Sunday, April 6, 2014

The Darndest Thing


This may be a case of me learning something that everybody else already knows. But if it's news to me, maybe it'll be news to you, too.

Trolling through an antiques store Sunday, I found a book I hadn't seen before that struck me as the perfect synthesis/collision of mid-20th-Century pop media: 1957's Kids Say the Darndest Things by TV and radio personality Art Linkletter, with an introduction by Walt Disney and illustrations by Charles Schulz.

Disney and Schulz in the same book?!

I'm old enough to remember Linkletter, the affable, avuncular personality who made a living interviewing regular folks and wringing hilarious homespun insights and malaprops from them.

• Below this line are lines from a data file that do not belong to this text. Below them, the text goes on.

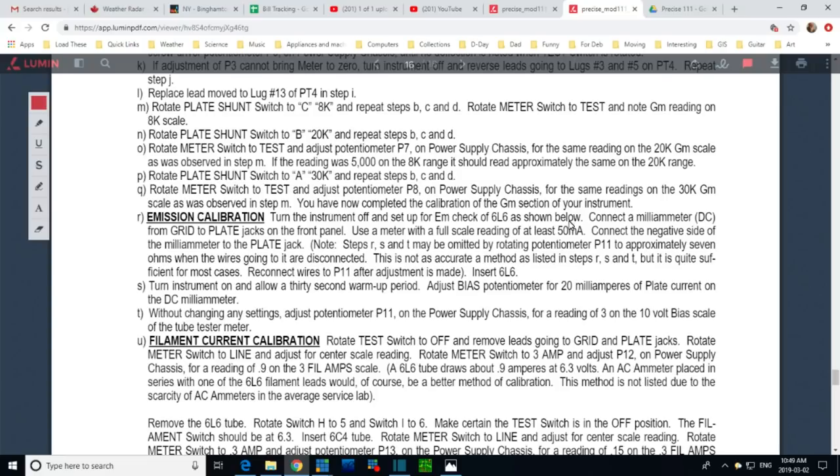All I should be doing is just put that ammeter in and look for 20. Connect the milli-amp meter from plate to grid jacks. Use the meter full-scale rating 50 milliamps. Connect the negative side to the plate. Stick the tube in, turn it on, 30 seconds. Adjust the current to show up almost right away. This current may actually be flowing kind of outside of the tube. I don't know - let's do it.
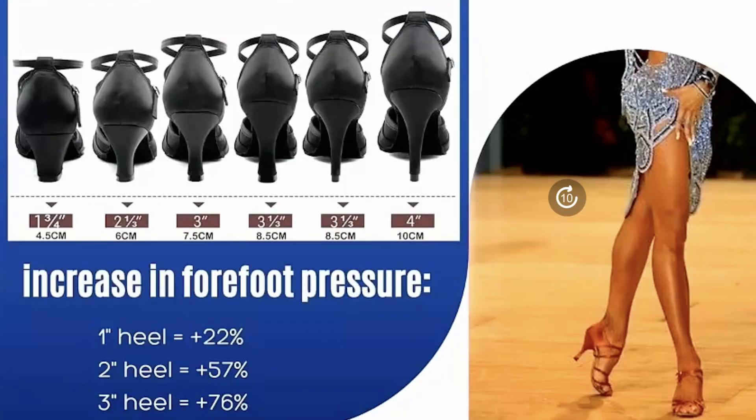Here is the cool graphic. You can see the increase in forefoot pressure. If your foot's flat, that would be 0% forefoot pressure. A 1-inch heel is 22%, a 2-inch heel goes up to 57%, and a 3-inch heel goes up to 76% more body weight on that forefoot.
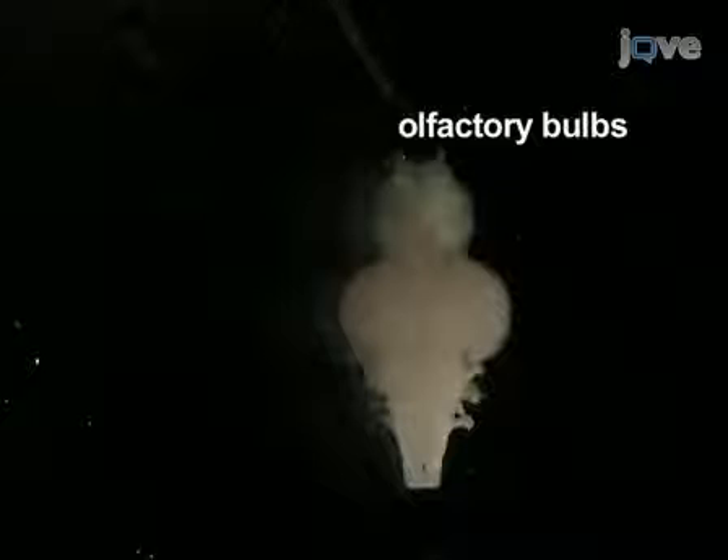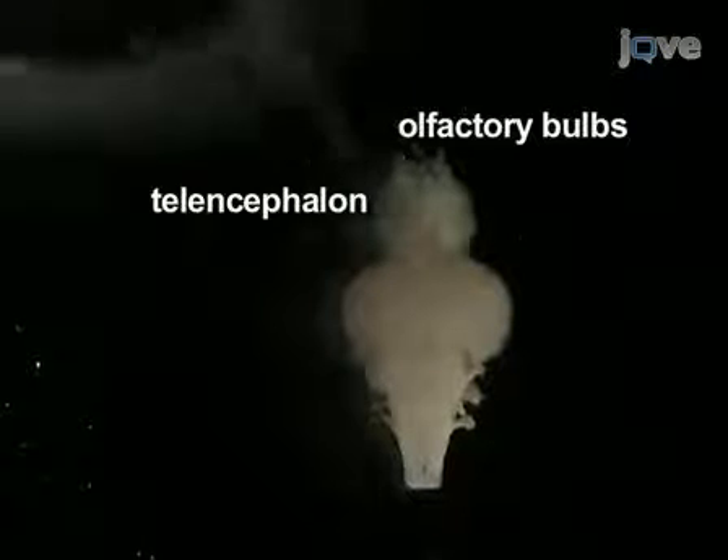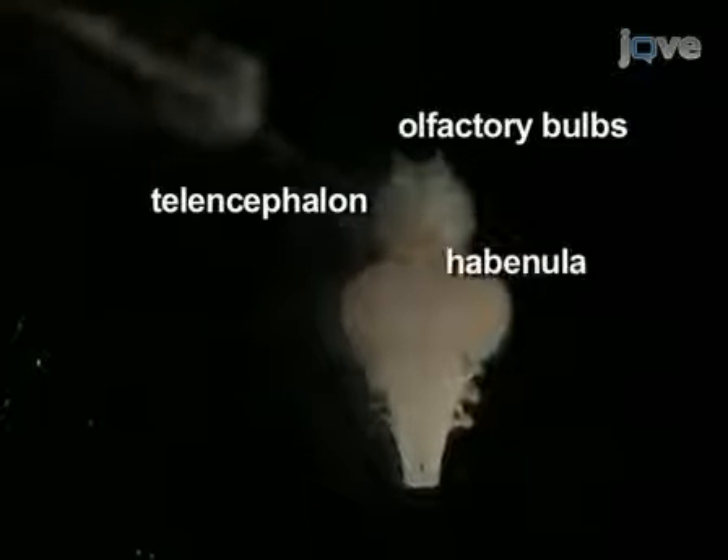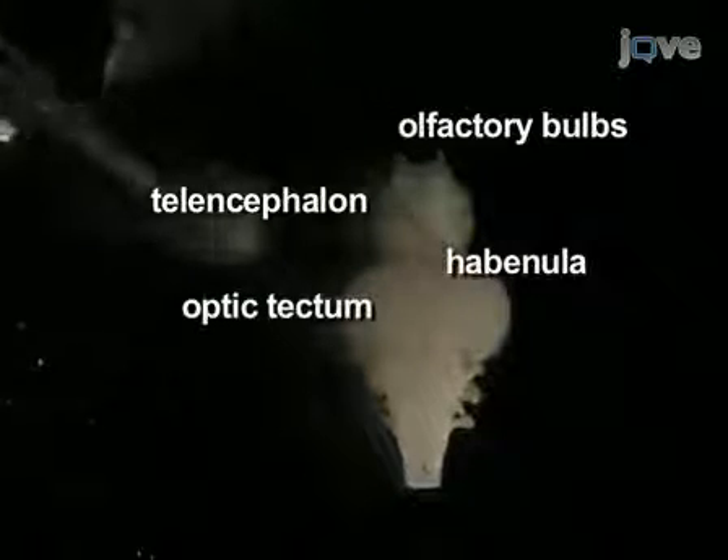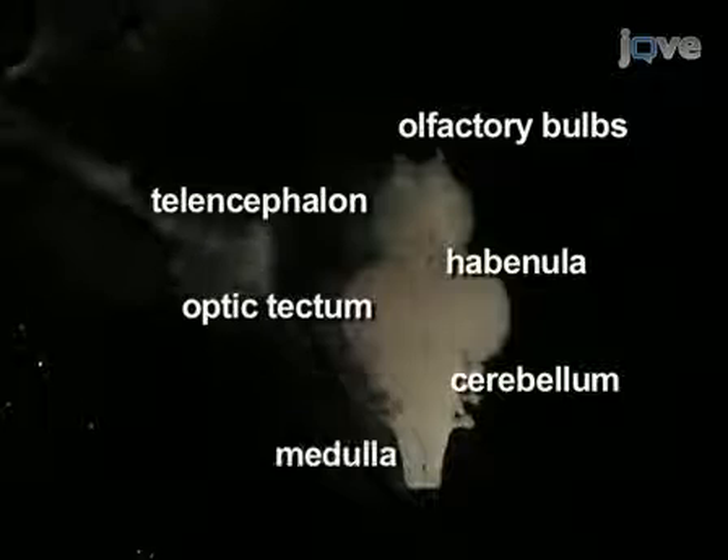Under the microscope, identify the olfactory bulbs, telencephalon, habenula, optic tectum, cerebellum, and medulla. Here are the olfactory bulbs, the telencephalon, the habenula, the optic tectum, cerebellum, and medulla.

Beginning in radio with "People Are Funny" in 1943, Linkletter soon found a gold mine in children, spinning the concept of "Kids Say the Darndest Things" into a TV show, a movie, and this first of several bestselling books. It was warm, corny, kind-hearted entertainment that in the '50s and '60s made Linkletter a star.

It's no surprise that Walt Disney introduced Linkletter's book. The men were friends and occasional business partners. Linkletter hosted the televised opening day of Disneyland just two years earlier, and for years Linkletter got a lucrative cut of every Kodak camera and roll of film sold at the Magic Kingdom.

Linklettter and Disney on live TV on Disneyland's
opening day, July 17, 1955.

The wild card is Schulz. Peanuts had debuted in October 1950, so was probably not yet seven years old when Linkletter's book came out in 1957. Schulz also illustrated a sequel in 1961. Peanuts and Schulz weren't yet the phenomenon they would become but were clearly on their way. It seems to me that this project must have hit a real sweet spot in Schulz's career: much earlier and he wouldn't have been high-profile enough to be offered the job; much later and he would have been too big and busy to accept.

By my quick count, Schulz drew about four dozen spot illustrations for the book. His rendering of Linkletter for the dust jacket is about the only time I can recall him ever doing caricature. The charming drawings are mostly direct illustrations of the text. For example, one kid told Linkletter, "I once had a dog, but he got married and moved to Oakland," and Schulz drew this:

A sort-of-Snoopy drives his new bride to the East Bay

More examples, chosen because I found them particularly neat or interesting:


Gregory wanted to sell his sister for half price.
I thought this was a funny physics-defying gag.
This one reminded me of Schulz's first professional sale to the
"Saturday Evening Post," which was a cartoon of a boy sitting on
a chair and ottoman much too large for him.
One of the advantages of a large family is that
"everybody has somebody else they can boss."
This girl wanted to "be King of the United States and have
two special maids: the Easter Bunny and Santa Claus."
A boy with a bad haircut blamed it on his grandpa, who was
a better carpenter than barber.
Familiar . . . very familiar.
Another caricature of Linkletter (holding a microphone), one
of a small number of adults Schulz drew during his career.
I just thought this was a neat graphic.
Some of the neurosis and angst Schulz was known for
are on display here.
I found this smart and kind of weird, with the fish jumping
up and out at right angles.

I've seen examples of Schulz's early magazine cartoons and his short-lived sports-themed comic strip It's Only a Game, but missed this Linkletter work entirely. This link between one of the greatest cartoonists, one of the most successful movie producers, and one of the most beloved media personalities of the 20th Century kind of makes me see all of them in a different light, and finding new Schulz art I never knew existed feels like discovering a lost Beatles song. Best $10 I've spent in a long time.